On the first day of my psychology internship, we spent some time getting to know potential supervisors. In response to a question about how much support vs. challenge that she provides her supervisees, one psychologist replied, “I think that you can only challenge someone as much as you support them. In fact, I think there always needs to be a little more support than challenge so that you don’t run out of your ‘support bank’.”


This concept certainly resonated with me as reflecting how I best receive challenge in relationships as well as how I approach my clients in therapy. In order for me to effectively receive a challenge or constructive criticism from someone, I need to trust that the person challenging me also supports me, that the person has my best interests in mind and intends to build me up through the challenge. If I don’t feel an equal or great amount of support, then the challenge feels more like an attack on my person and abilities, and I react defensively instead of embracing the challenge as something that will help me grow.


I’ll admit that I am overly sensitive to any kind of criticism (perceived or otherwise) and even when challenged by someone who genuinely supports and cares for me, it’s easy for me to forget that support and just feel threatened by the criticism. But in the times when I do recognize the immense support I’m receiving and trust the other person(s) to speak into my life in a challenging way, then I can more easily accept the challenge, even if it’s still difficult to receive.

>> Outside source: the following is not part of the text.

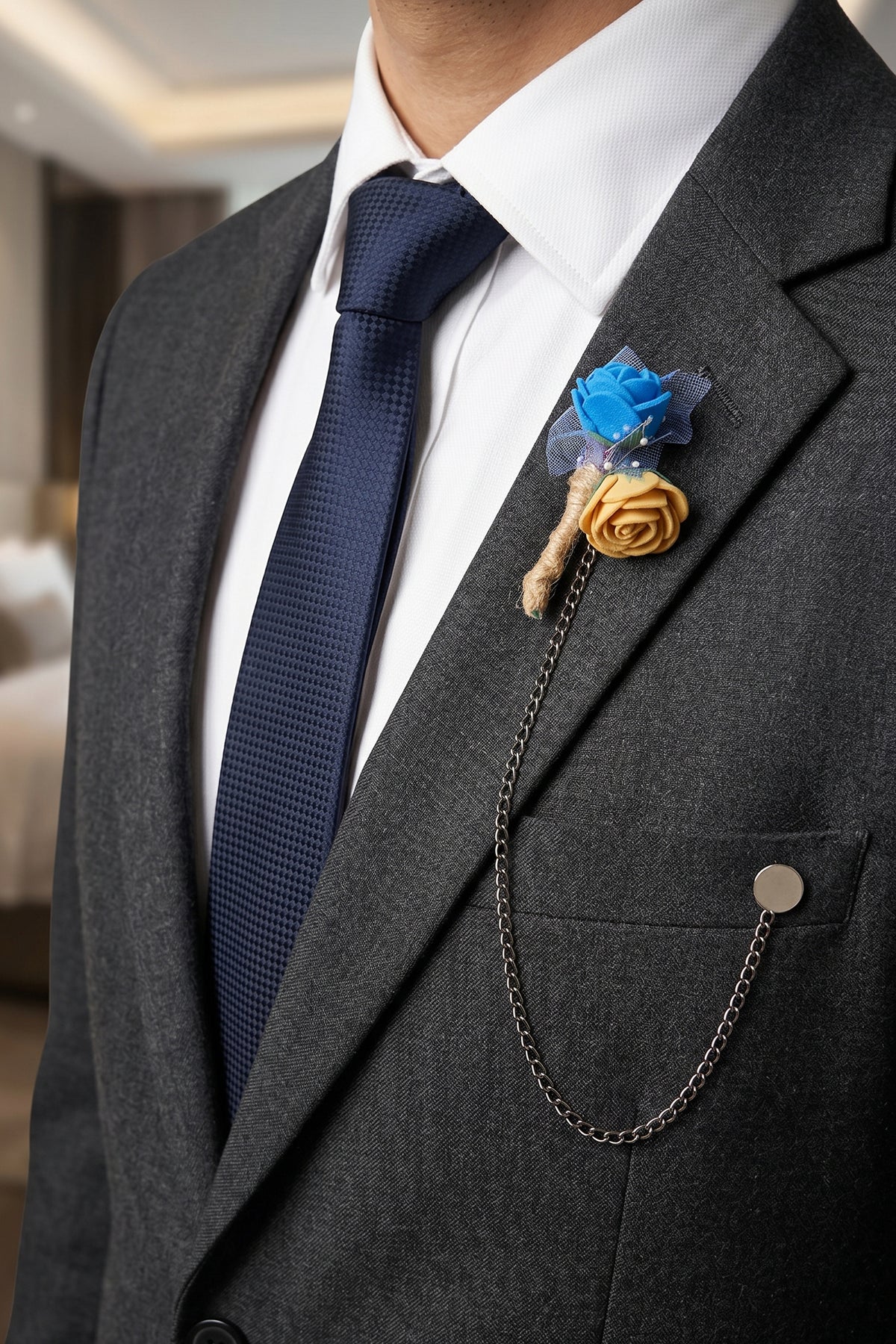 Beige & Blue Double Flower Chain Pin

This is also how I approach both therapeutic and non-therapeutic relationships. For me to be able to challenge someone else, I must first support them and build a foundation of acceptance and trust, and continue to supply that support even as I challenge. This taps into what Rogers calls “Unconditional positive regard,” though I don’t think Rogers practiced any kind of direct challenging of his clients. These ideas of support and challenge going hand in hand also reflect the Christian saying of “speaking the truth in love.” Truth spoken without love for the one who is receiving that is just noise, a clanging symbol, that may be heard but won’t be listened to. I also recall a friend advising me, “If you’re coming from a place of love, then you can say just about anything to that person.” And I think it’s more than just having love in your heart as you say something – it requires the kind of demonstrated love that will lead to trust. The people I saw the other night on the street corner with their signs announcing repentance or eternity in hell were perhaps motivated by love for the multitudes of hell-goers they were preaching to, but I highly doubt than anyone who walked by felt loved by them.

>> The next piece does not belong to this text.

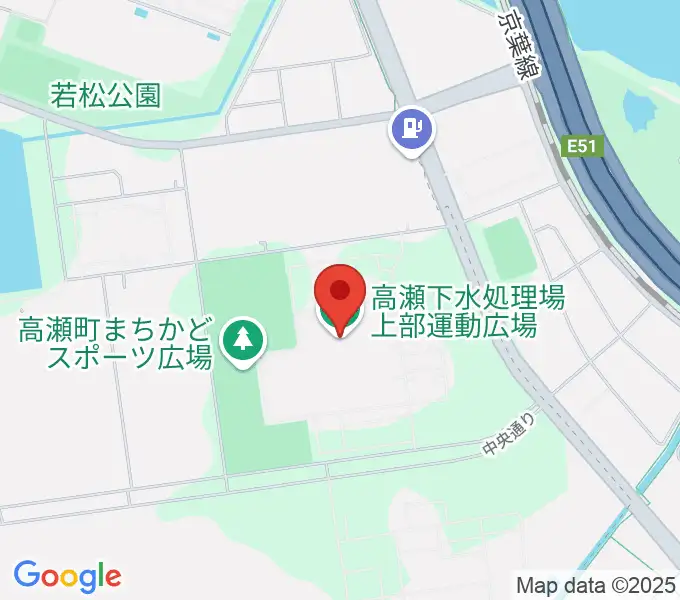 高瀬下水処理場上部運動広場の地図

While many of you might agree with these ideas (they’re millennials old and not original to me at all), some of us may have different ways of knowing that we are supported. I’m not saying that we all need to hug everyone and dote on them to make them feel loved, though that’s certainly appropriate and necessary in some relationships and in some cultures. In some contexts and cultures, support and love if felt through actions and words that are very different that what I find to be loving. For example, I’ve heard that in some Asian cultures which value authoritative parenting, children feel loved and accepted when their family members challenge them to perform better. Maybe some of them grow up believing that they only loved as a result of their good performance, but many probably grow up believing that the expression of requiring someone to succeed is a sign as love as it reflects a desire for that person to reach their full potential and have a good life.

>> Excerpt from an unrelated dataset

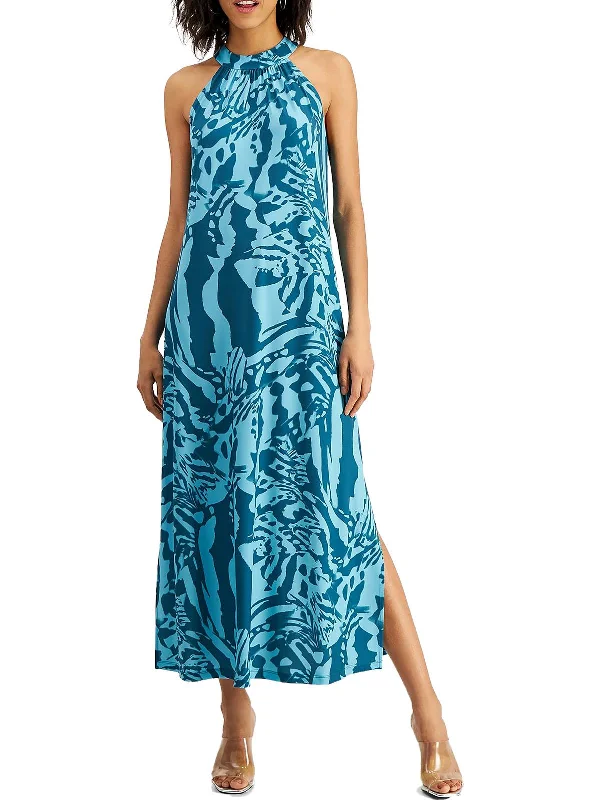 Womens Jersey Printed Midi Dress Stylish Midi Dress with Cuffs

So, I intend to keep these ideas in mind over the next year and hope to continuously examine how those I’m in therapeutic/romantic/family/friendship/coworker relationships with best feel loved and supported and best receive challenges. And when I receive challenges from others, then I’ll try to remember that (usually) the person challenging me cares very deeply about me as a person so that I can receive the challenge as an opportunity to grow.